Wheat from the chaff: extracting, transforming, and loading data for Open Targets
The second part of our four-part series discussing the Open Targets Platform explores our Extract-Transform-Load (ETL) pipeline.
The ETL is the weft to the warp provided by the Platform-Input-Support project covered in our last blog post; pulling together the many inputs into the fabric of the Open Targets platform.
The ETL is written in Scala and uses Spark as an analytics engine. We run the ETL using Google Cloud Computing's Dataproc service which allows us to focus on our business logic and not the details of maintaining and configuring the computing environment. As an open source project, you can see our inputs, outputs, and the jar file to run the ETL on your own cluster by accessing the necessary resources from Open Targets' cloud storage. The outputs of the ETL are made available via FTP, Google's BigQuery, a GraphQL API, and the Open Targets Platform (see the documentation for how to access these resources).

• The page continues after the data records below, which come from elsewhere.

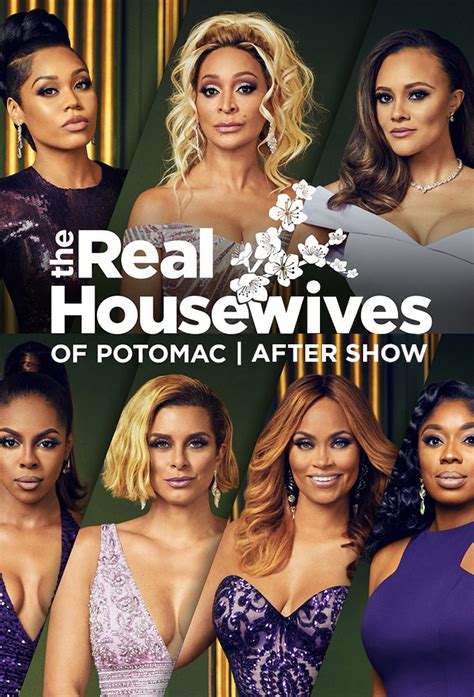 The Real Housewives Of Potomac | After Show - TheTVDB.com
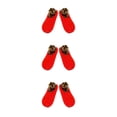 thumbnail image 4 of Guardurnaity Calcetines de suelo de invierno Tobillo Antideslizante Zapatilla unisex diario Interior Type4 NO4, 4 of 6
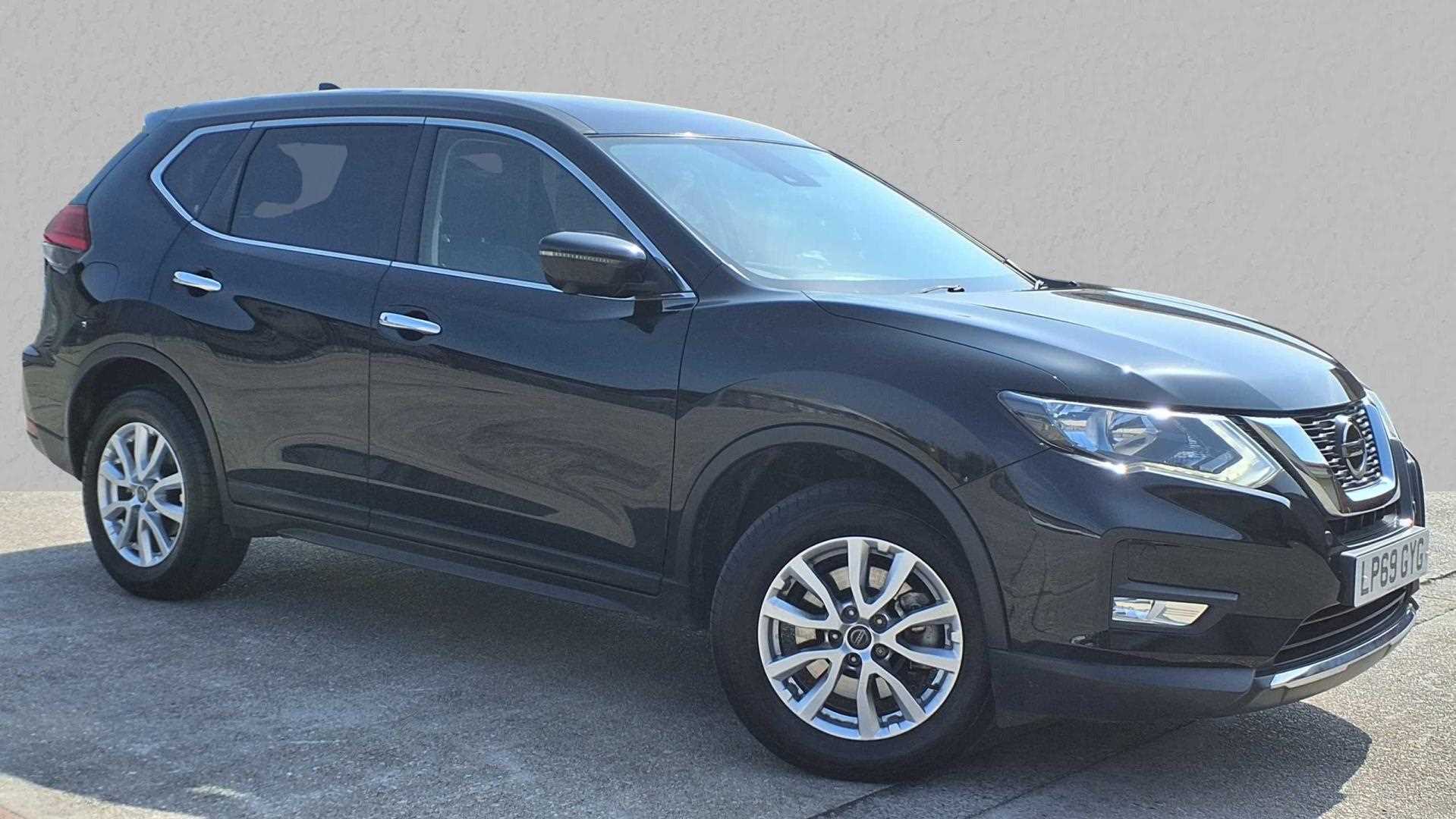 Main listing image - Nissan X-Trail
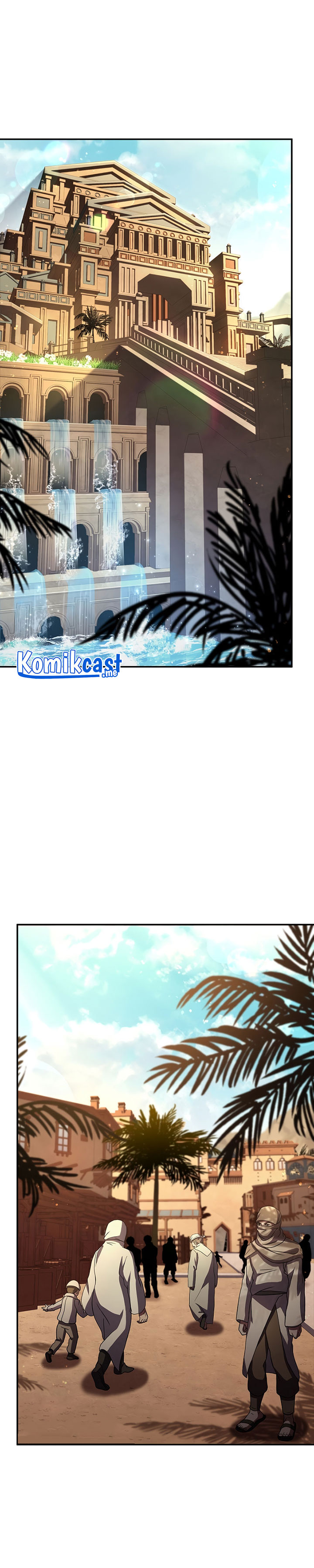 8 Circle Wizard’s Reincarnation Chapter 93 Gambar 16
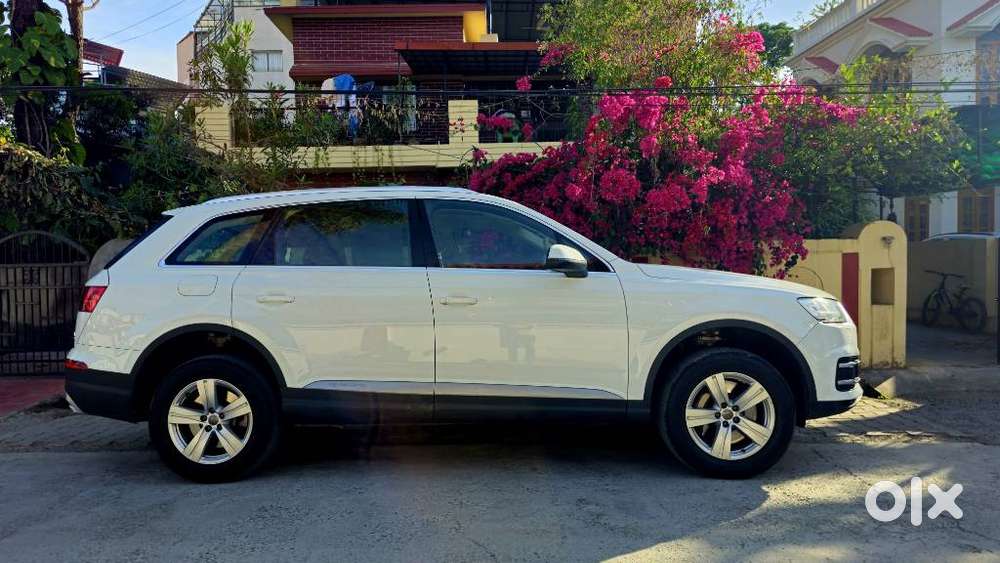 Audi Q7 3.0 45 Tdi Quattro Technology, 2016, Diesel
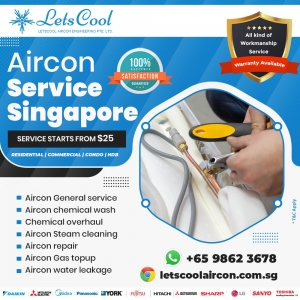 The Advantages of Energy-Efficient Aircon Units in Singapore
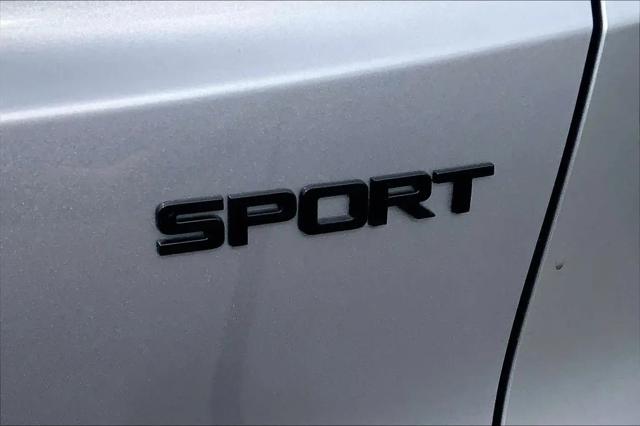 2026 Honda CR-V Hybrid 2WD Sport-L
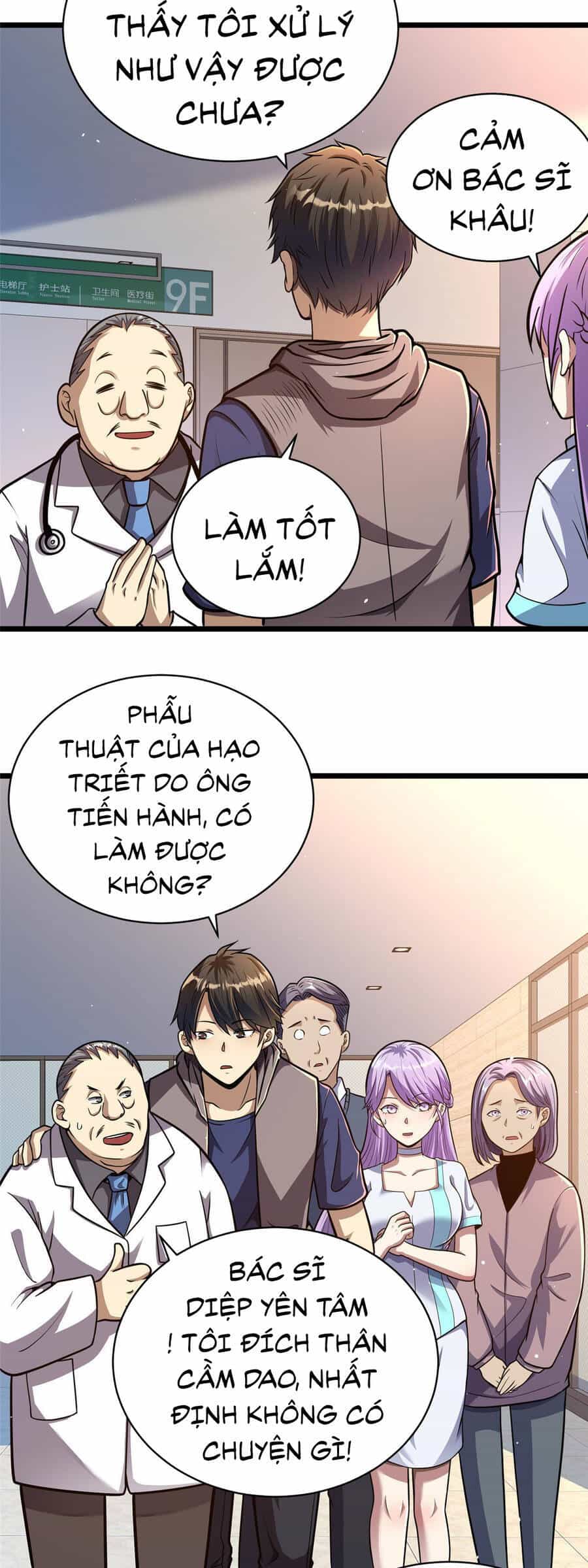 Siêu Phàm Sát Thần - Chương 25 - ảnh 18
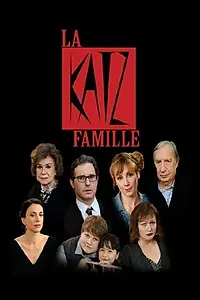 Главный постер сериала «La famille Katz (2013)»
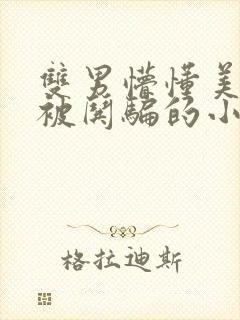 双男懵懂美人受被哄骗的小说推荐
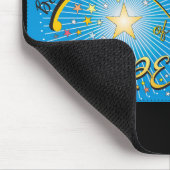 BeTheGlowOfPEO-Maus-Pad Mousepad (Ecke)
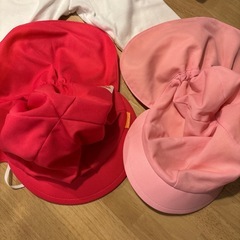 保育園　帽子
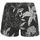 LASCANA Schlafshorts Floral Schwarz 32/34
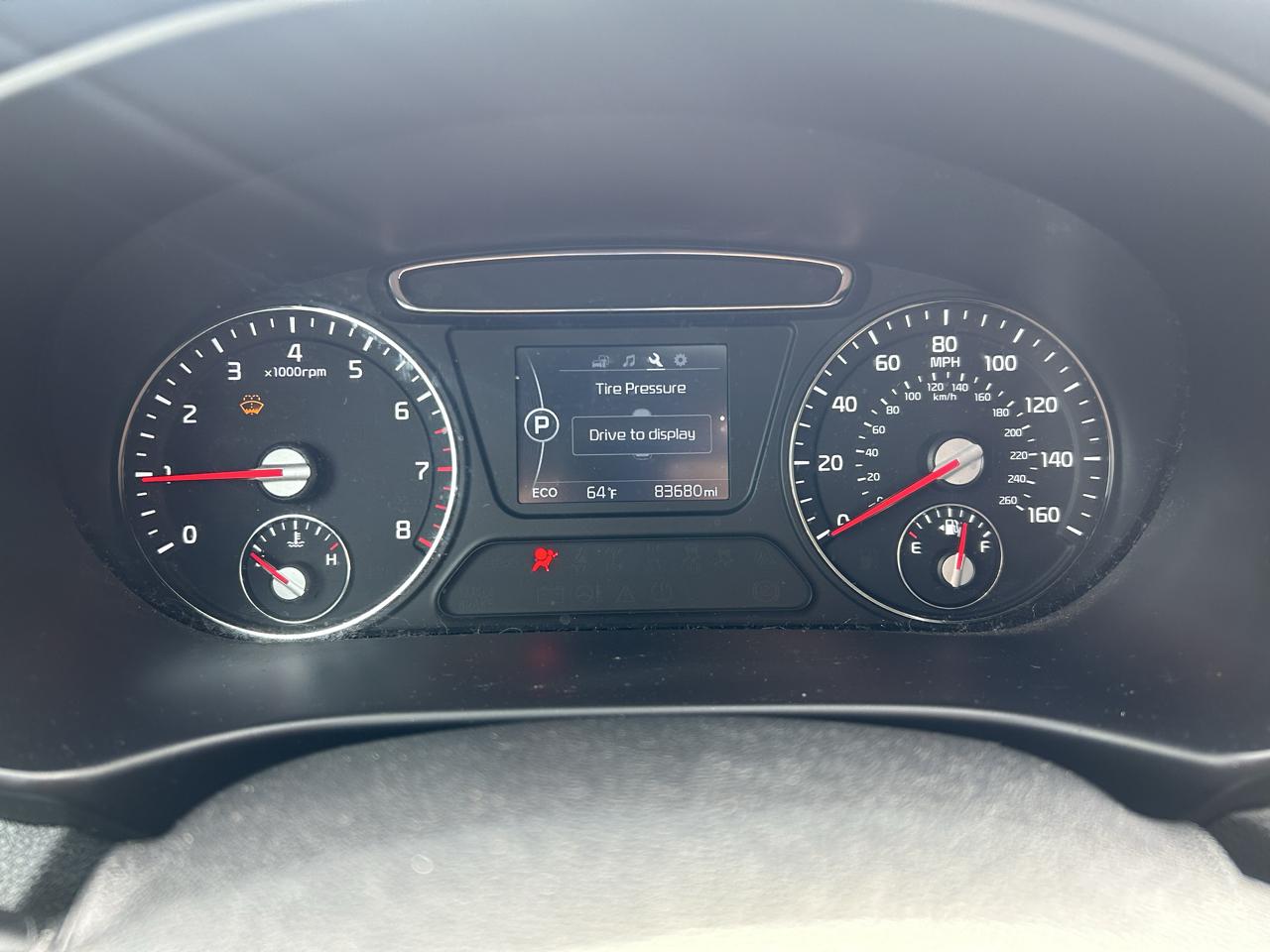 Kia Sorento AWD 4dr 2.4L LX 2016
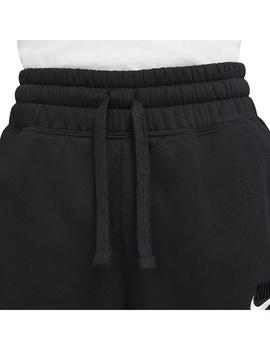 Pantalon Niño Nike Air Negro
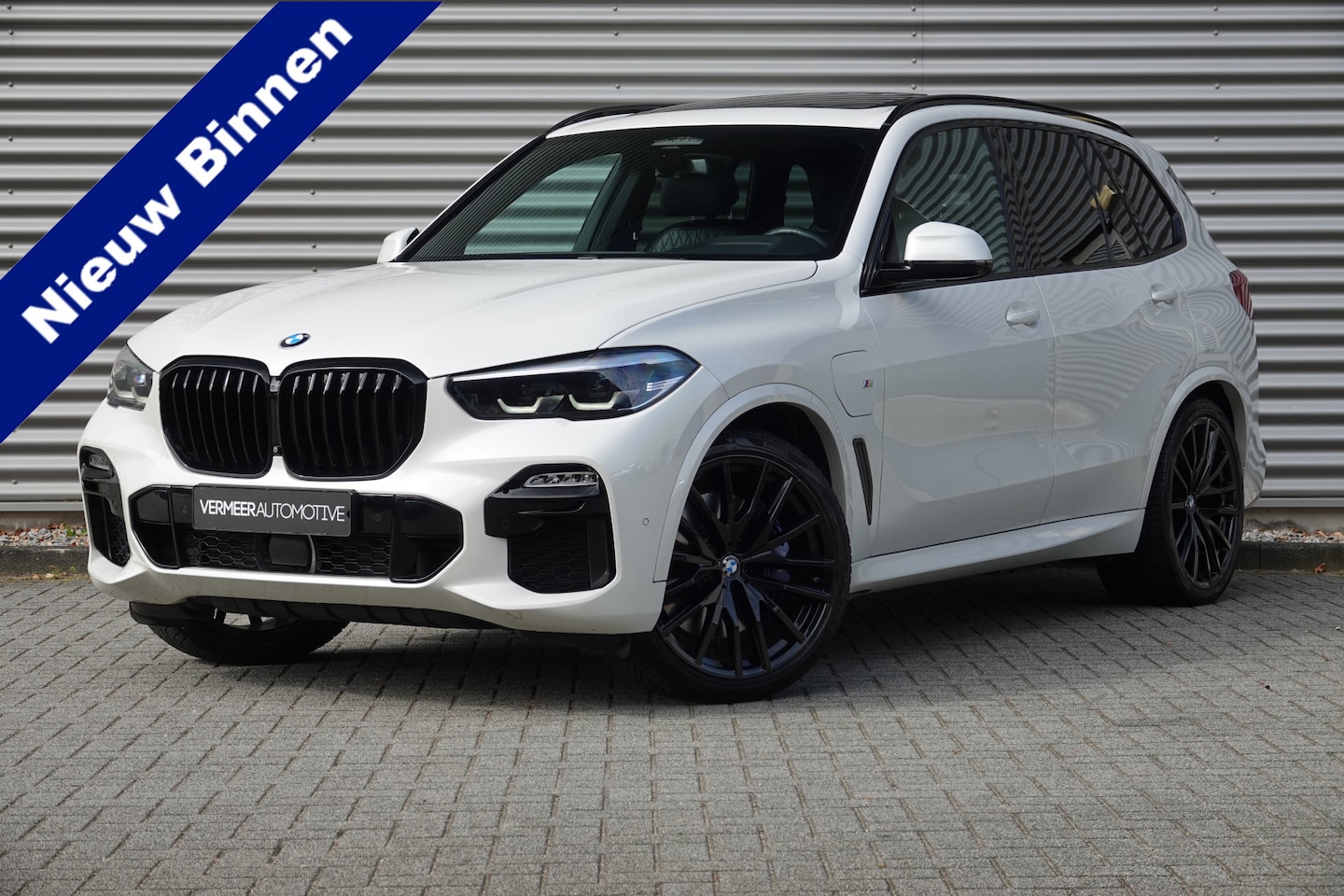 BMW X5 - xDrive45e High Executive M Sport | Pano | Luchtvering | Memory | ACC | 360 | - AutoWereld.nl
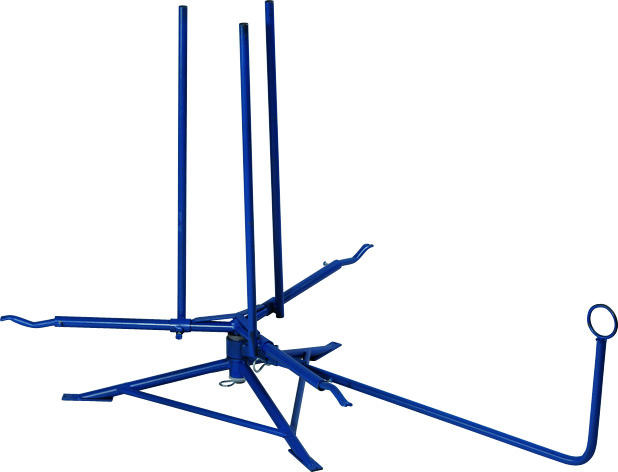 Uponor Multi és Q&E szerszámok - Uponor Magna csőcsévélő csővezetővel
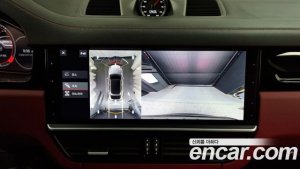 Porsche Cayenne 3.0 Coupe 2020 года из Южной Кореи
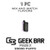 TSPPACK-1PC-Geek Bar Pulse X Disposable Vape Device | 25K Puffs - 1 Pack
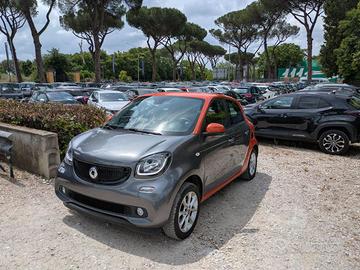 SMART ForFour PASSION 1.0cc 71cv LANE ASSIST SED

We're in the final phases of migrating our ETL from Python to Scala and Spark. The motivation for the migration was that the old data pipeline proved too slow for the quantity of data and intensity of processing that were required to meet the goals of Open Targets. Having a pipeline that took upwards of 18 hours to run discouraged experimentation and iteration as the feedback loop was very slow.
Working as a team of bioinformaticians, scientists and software developers means that we want to be able to test our new ideas quickly, while remaining robust quality requirements. To support these competing priorities the pipeline is designed as a series of parameterised steps which can be run (mostly) independently. On the data side this allows us to interate quickly as we can run only a portion of the ETL and individual steps are typically quite fast (~5 minutes using a full dataset). The software engineering side, a strongly typed language such as Scala lets us change the ETL with confidence which parts of the output data may be impacted thereby maintaining robustness.
The entire ETL can be conceived of as a directed acyclic graph (DAG). An important enhancement yet to be implemented is to automatically run related steps so any single step can be run without having to have any knowledge of dependencies between steps. This is not a new problem in computer science, so presently the biggest challenge is choosing between the many possible implementatations ranging from a Java library such as jgrapht, using SBT's native task graph resolution, or specifying a Dataproc workflow.
The data generated by the ETL is used as the foundation for the newly updated and terrific looking Open Targets Platform which is the topic of the final two blog posts.